**WHAT IS EXPECTED:** Reproduce, character for character, the lines below from the first through the one with "Members-only community for". Leave pictures out.

**GIVEN DATA:**
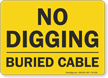 Buried Cable No Digging Sign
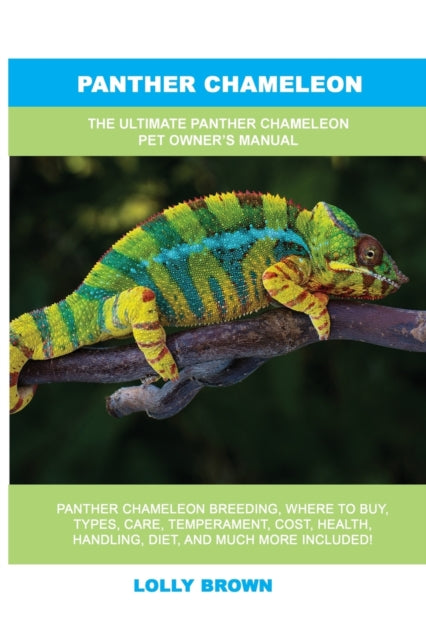 Panther Chameleon: The Ultimate Panther Chameleon Pet Owner's Manual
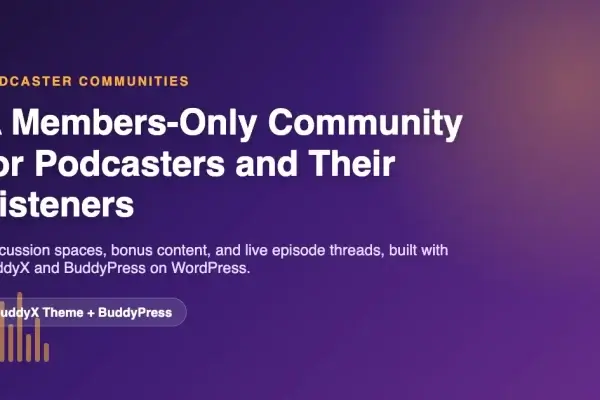 Members-only community for podcasters banner featuring BuddyX and BuddyPress on WordPress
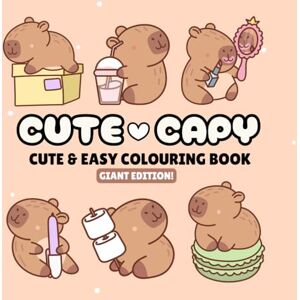 Dinwii, Dinwii Cute Capy Bold & Easy Colouring Book: Relaxing and Easy Designs with Islamic Quotes for Adults and Kids, Cute and Easy, Simple and Big Designs (CUTE & EASY COLOURING BOOKS) Dinwii, Dinwii Cute Capy Bold & Easy Colouring Book: Relaxing and Easy Designs with Islamic Quotes for Adults and Kids, Cute and Easy, Simple and Big Designs (CUTE & EASY COLOURING BOOKS)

**RESPONSE BELOW:**
 Buried Cable No Digging Sign
 Panther Chameleon: The Ultimate Panther Chameleon Pet Owner's Manual
 Members-only community for podcasters banner featuring BuddyX and BuddyPress on WordPress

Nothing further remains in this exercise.